April 10, 2008

Olive trees used by Jerusalem Lutheran bishop as bridge to Muslims

Jerusalem Lutheran Bishop Munib Younan has joined people from the Palestinian-inhabited village of Biddu in planting 1,000 olive and fig trees next to the Israeli barrier which separates them from their land, to show that Christians and Muslims can work together.

"We went to be in solidarity with the people," said Younan in joining about 100 people from the village close to the separation barrier.

Biddu is located between southwest Jerusalem and Ramallah, and the event was organised by the Environmental Education Centre (EEC), an educational program of the Lutheran Church in the Holy Land, which aims to teach children about ecological issues.

Villagers from nearby Einan and Khubiebeh also attended the tree planting ceremony in mid-March. The EEC works with schools in the villages, which are all Muslim.

Israel says it needs the 400-kilometre barrier in order to protect its citizens from terrorist attacks emanating from the West Bank and Gaza. While some sections the barrier are made of towering cement slabs, the section in Biddu is a wire mesh fence with a yellow gate through which the farmers must pass in order to work their land.

"It is very important for us to work together," said Bishop Younan. "It is good to make contact with these villages. It builds bridges."

This clustering of outlying small villages has led to them being largely neglected and they welcomed the attention and assistance from the Lutheran Church, said Bishop Younan.

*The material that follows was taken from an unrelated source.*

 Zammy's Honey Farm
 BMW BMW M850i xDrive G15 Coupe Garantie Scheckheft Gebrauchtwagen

The villages of the area once had 6,000 dunums (600 hectares) of land, but some 4,000 dunums (400 hectares) have been confiscated for Israeli settlements, said the bishop.

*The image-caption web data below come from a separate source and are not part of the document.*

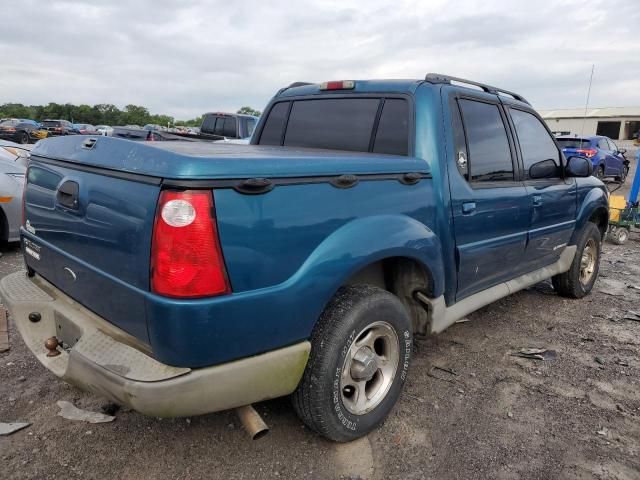 2002 Ford Explorer Sport Trac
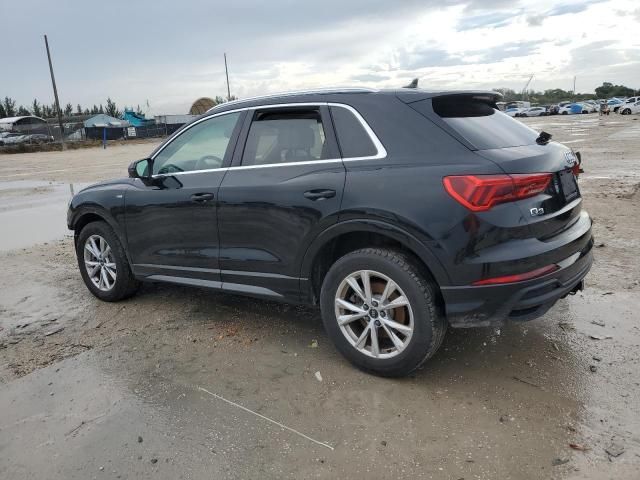 2023 Audi Q3 Premium Plus S Line 45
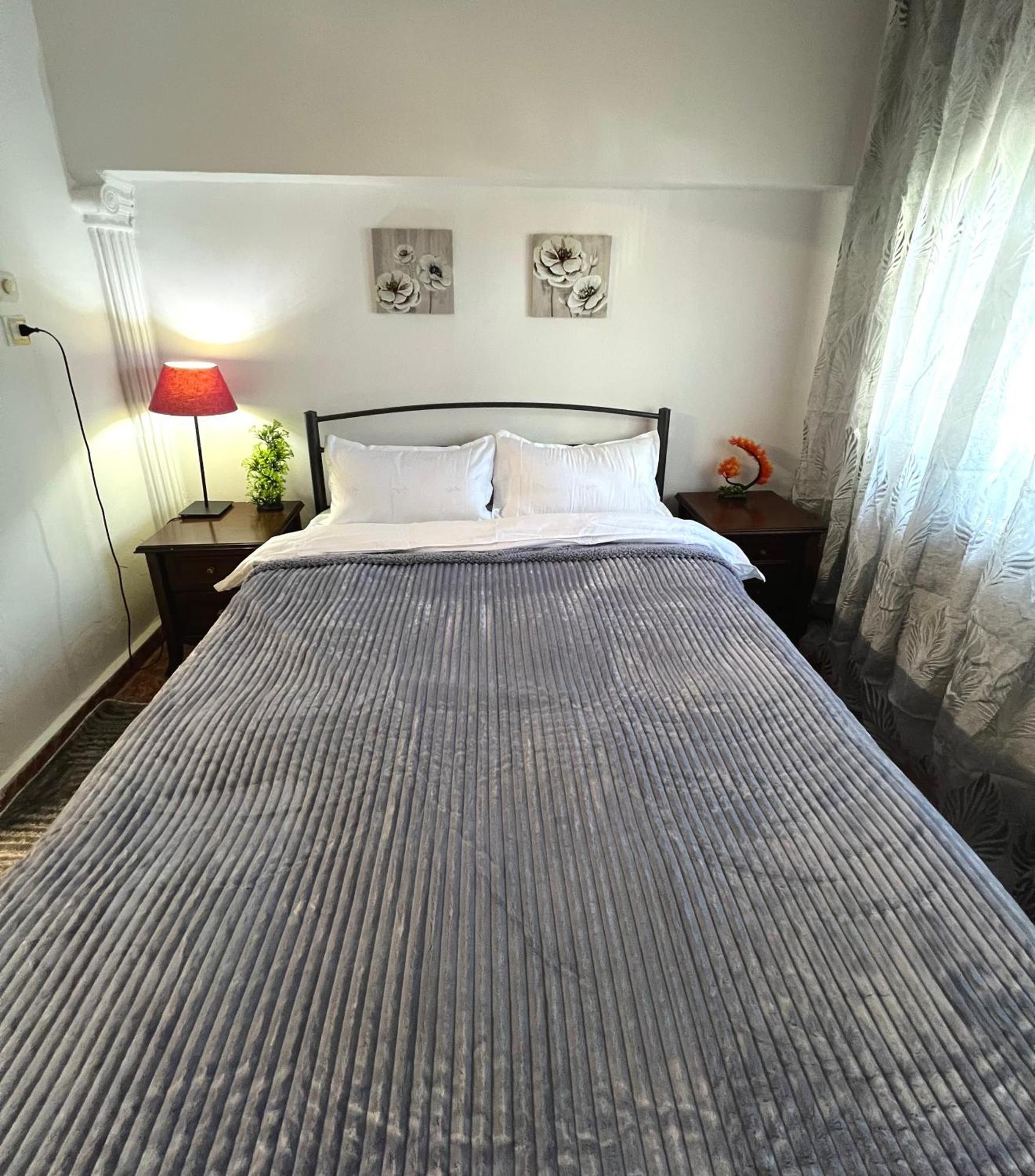 Queen Olgas Street Appartment Saloniki Zewnętrze zdjęcie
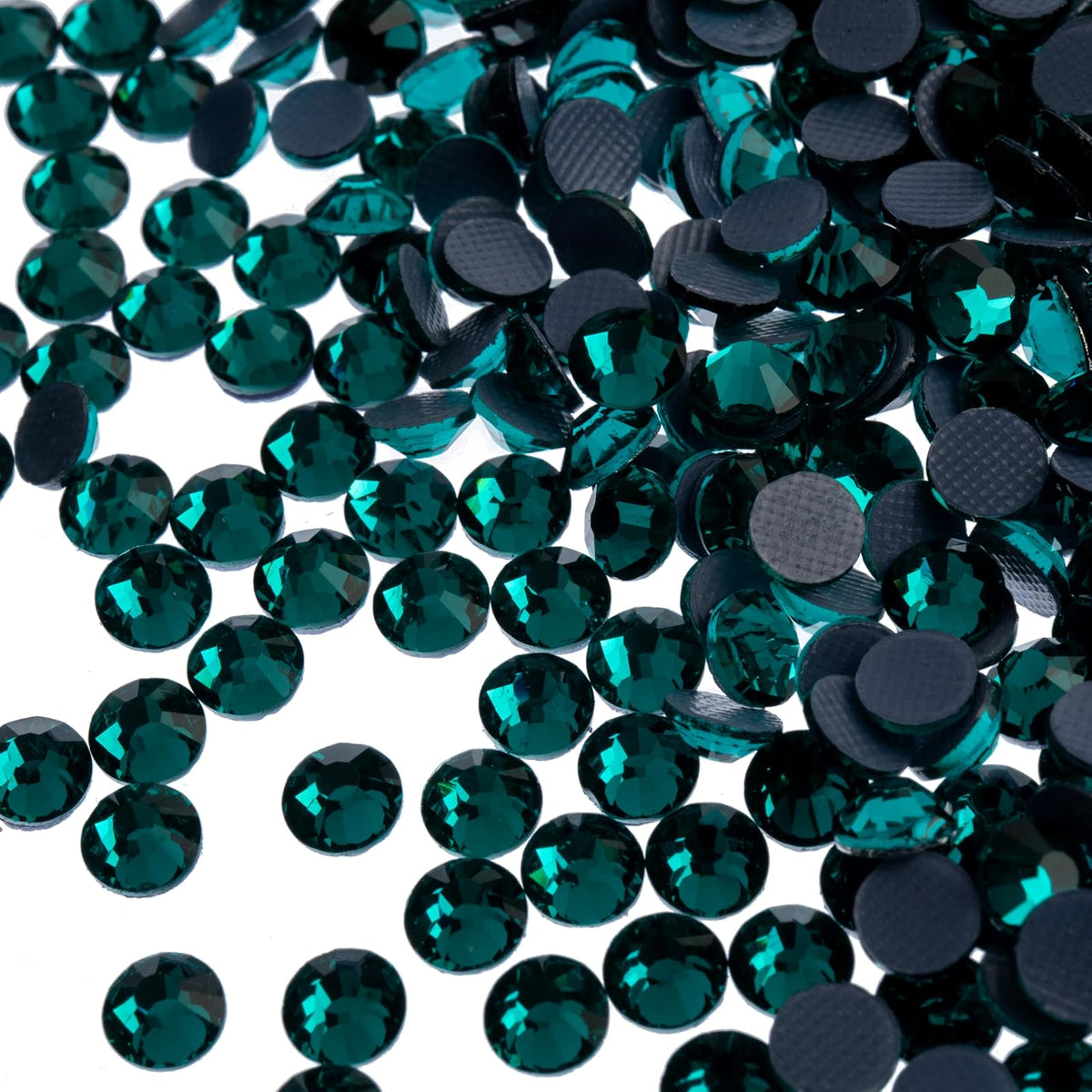 Crystal Lane Diy Craft Bead, ss16, Blue Zircon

Younan noted that people from the villages now need special permits to reach their agricultural lands on the other side of the barrier which have in fact been annexed.

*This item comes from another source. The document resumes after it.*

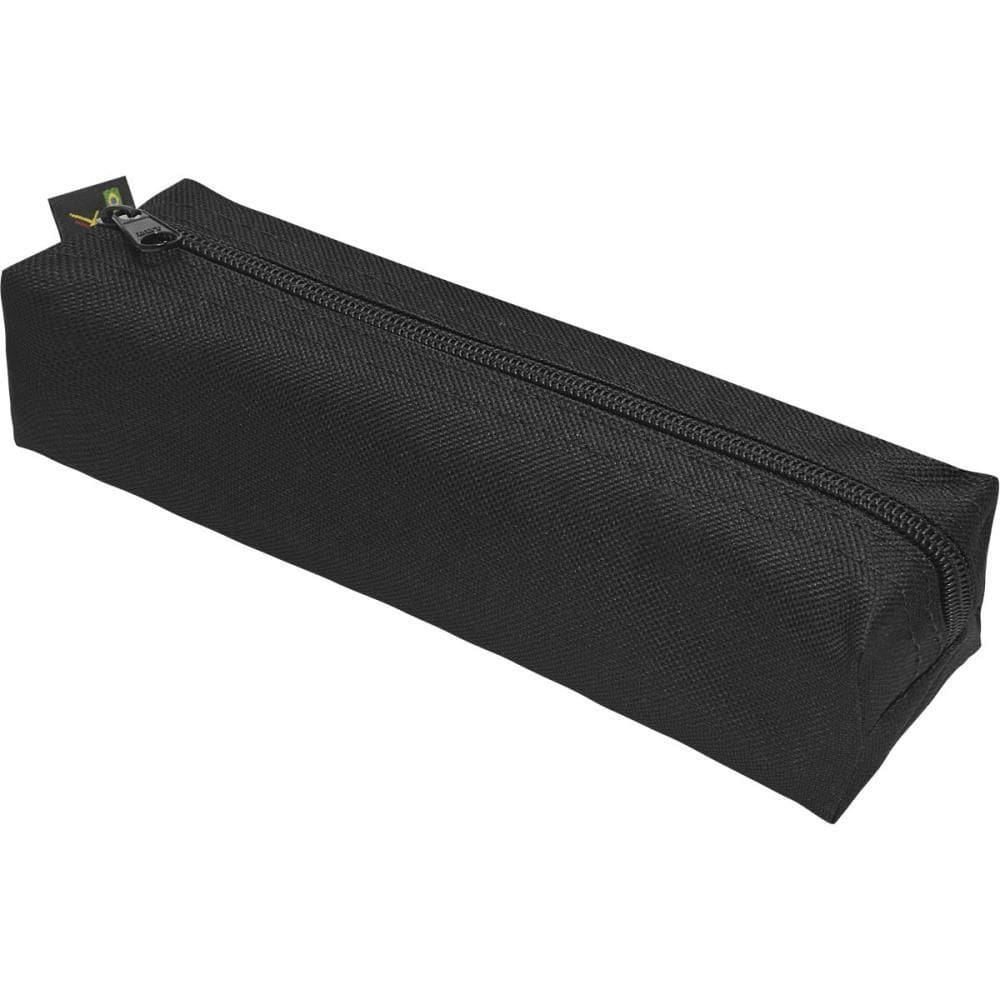 Estojo Simples Lona/ Nylon 600 Grande Preto - Reflex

One elderly man, whose house is on the outskirts of the village where today the encroaching Israeli settlement of Adasha reaches, was permitted to keep his home only through a lengthy legal battle and the intervention of the Israeli Supreme Court.

Today he lives in a three-sided cage, surrounded by metal fences on three sides of his house. Only about three metres of land is left around his house on all sides. All visitors must leave his house by 6 pm Through the fence he can gaze out at the red-tiled roof houses of his neighbours in the settlement spreading out onto the horizon.

Younan said that when he urged the man not to lose hope, the man said, "I have nothing left to lose anymore. I have lost everything."